Bevan Keene, Judith had decided from the moment of seeing him for the first time, was the quintessential rugged Australian stockman – the physical manifestation of countless romantic and adventure novels. He was tall, lean, ruggedly handsome, but also urbane, clearly well educated, witty, dangerously charming, and too damned close for comfort.
And you don’t believe in love at first sight. Not even lust at first sight. Well ... usually.
But there was nothing usual about the effect Bevan Keene had created merely in being introduced to her, and sitting beside him now, Judith could almost feel the physical current that flowed between them. He wasn’t touching her, never had, but ... Judith’s tongue flicked across her lips just thinking about what she’d like to do with the man beside her. Under normal circumstances!
These were not, however, normal circumstances. Here, now, Judith wasn’t interested in any man, not even one so attractive and charming as Bevan Keene. So Judith had ignored Keene from the very start of the evening, or at least as much as she could ignore him without being outright rude.
None of her current antipathy toward men was his fault; it was all because of Derek Innes. And at the very least, there was no sexual baggage involved there, not on her part, anyway. But not really Derek’s fault, either. Not entirely. Your own fault, Judith Theresa – all your own fault.

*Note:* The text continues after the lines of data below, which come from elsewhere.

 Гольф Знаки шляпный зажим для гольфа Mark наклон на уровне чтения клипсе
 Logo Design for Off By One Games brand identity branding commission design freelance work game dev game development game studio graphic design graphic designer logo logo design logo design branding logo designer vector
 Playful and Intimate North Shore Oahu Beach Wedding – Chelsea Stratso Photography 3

Judith was honest enough with herself to admit that, just as she admitted that Bevan Keene was turning her on just by sitting there beside her and assaulting his overdone steak with perfect teeth. He was himself edible in every way she could think of, except that she wished not to think of such things. Fat chance!
Try as she might, Judith couldn’t stop herself from imagining those strong, tanned, capable hands touching her, that mobile mouth caressing her own lips before moving on to caress other parts of her body ...

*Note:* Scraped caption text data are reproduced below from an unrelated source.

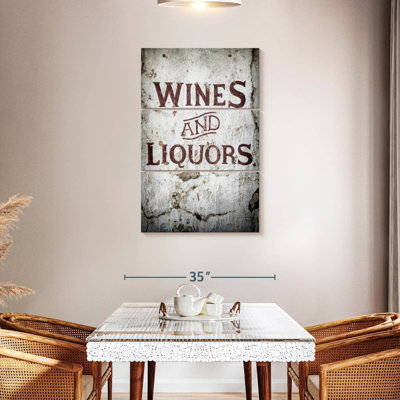 Wines And Liquors
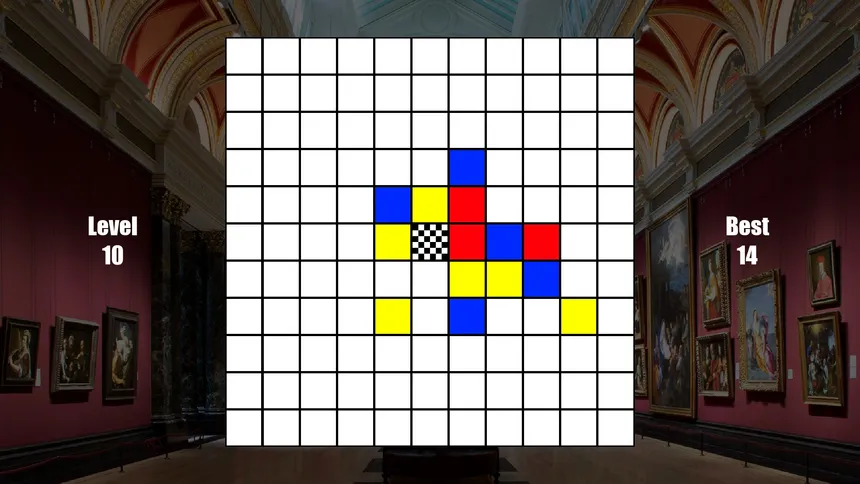 Скриншот 2 к игре Mondrian Squares
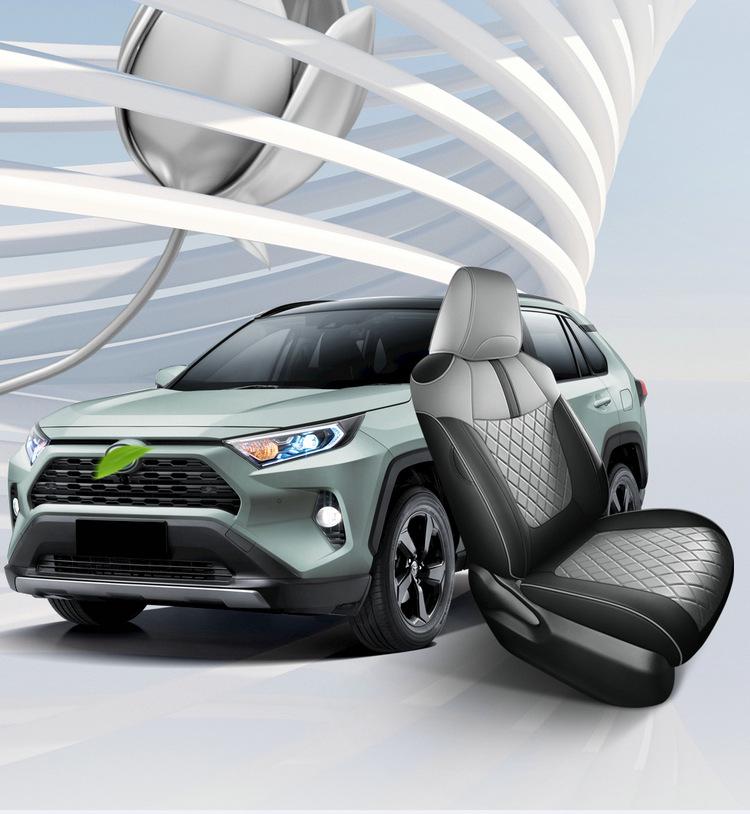 All-Season Full Coverage Seat Cushion for 2020-2023 RAV4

Tuning back into the hubbub of conversation, she had to give herself a mental shake. No wonder the table talk is so overwhelming. They’re all talking at once just to avoid having to eat. Lord love us, but I cannot understand why a vegetarian should ever be allowed to even try and cook meat, presuming of course that this ever was meat, which I’m beginning to doubt.

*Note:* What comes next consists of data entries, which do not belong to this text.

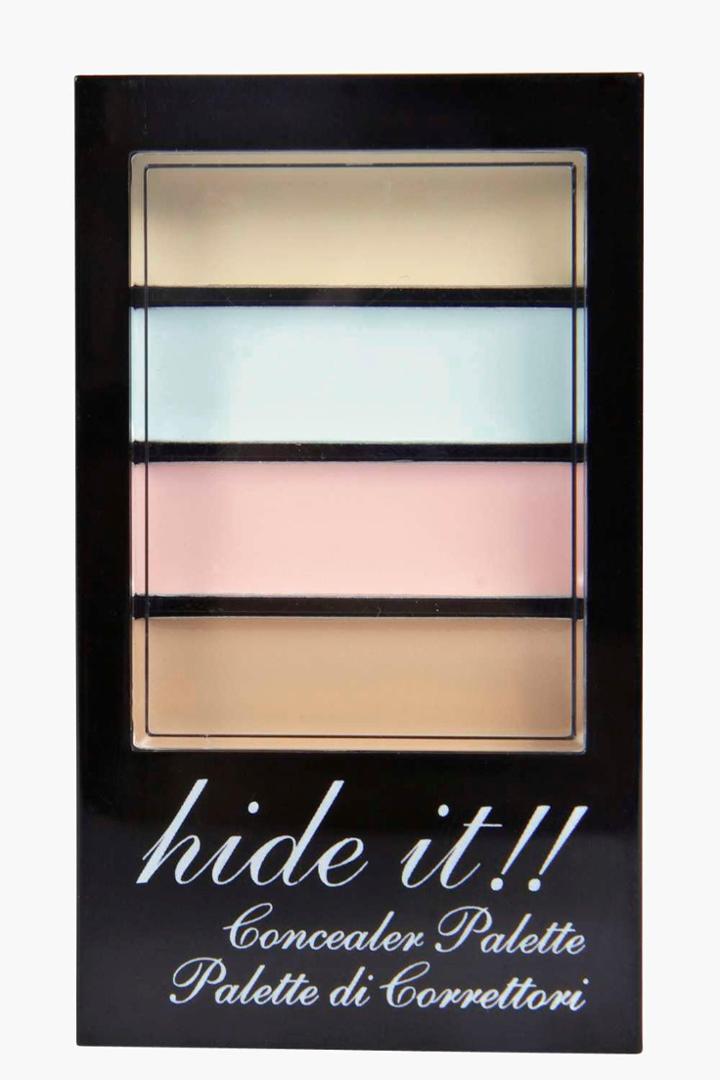 Boohoo Hide It Concealer Palette Multi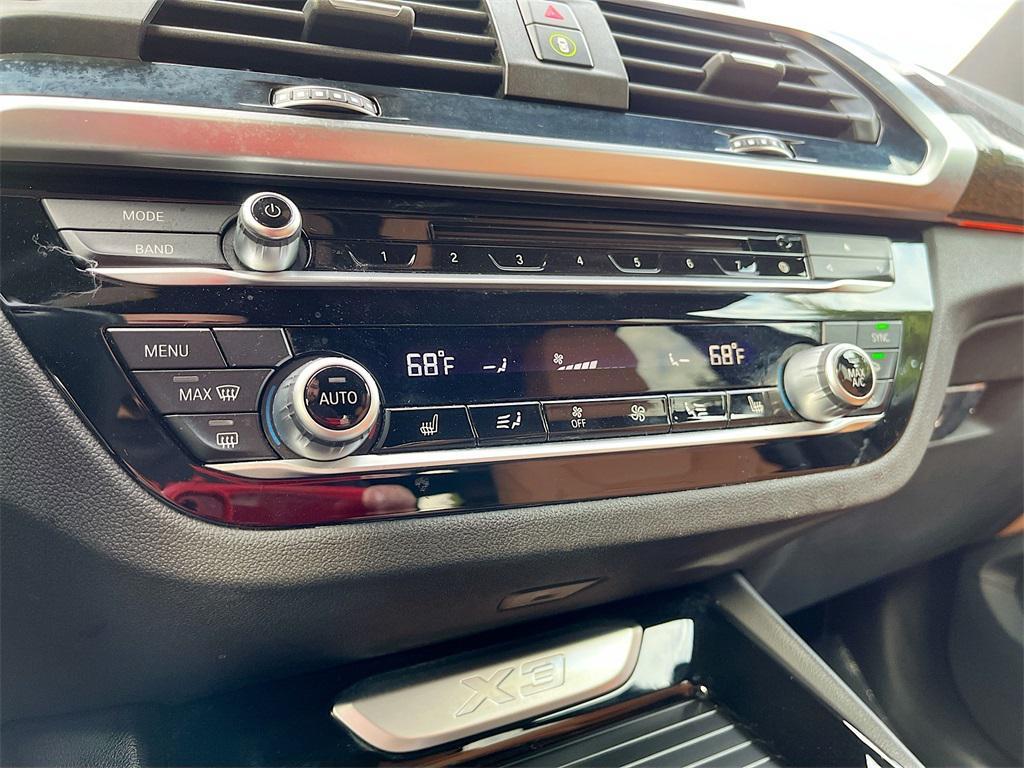 used 2019 BMW X3 car, priced at $22,200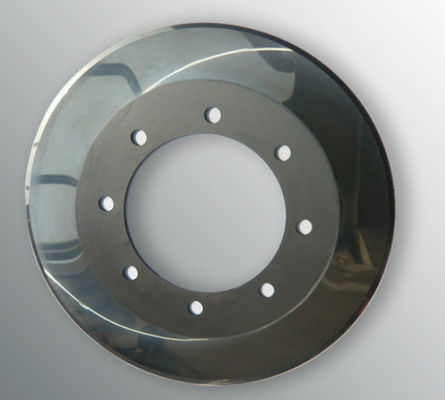 Cuchillos de cartón corrugado de la cortadora del carburo de tungsteno que cortan 280m m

Judith’s own taste tended to huge, thick steaks that hit the plate kicking and bellowing. Quite early in her Australian sojourn she’d heard a Queensland local in an upscale restaurant proclaim, “Just cut off its horns and wipe its bum and put it on the plate.” She had cringed at the vulgarity but secretly applauded the sentiment.
Now, glancing round the table while still ignoring the conversation, she noticed suddenly that she wasn’t alone in her opinion of cousin Vanessa’s so-called cuisine. Even Vanessa’s husband Charles, the advertising executive known to be totally enthralled and totally smitten with what he termed his “imported wife,” had barely touched the offering in front of him. Vanessa herself hardly appeared to have eaten anything, but then she had the excuse of soon-to-be-delivered twins.
Poor kids. You’ll probably grow up without ever knowing what a good steak tastes like. Nessie will have Charles fully converted by the time you’re weaned, and she’ll raise the lot of you on bean curd and lentils. Judith couldn’t escape the thought when it struck her mind, or the frown that accompanied it.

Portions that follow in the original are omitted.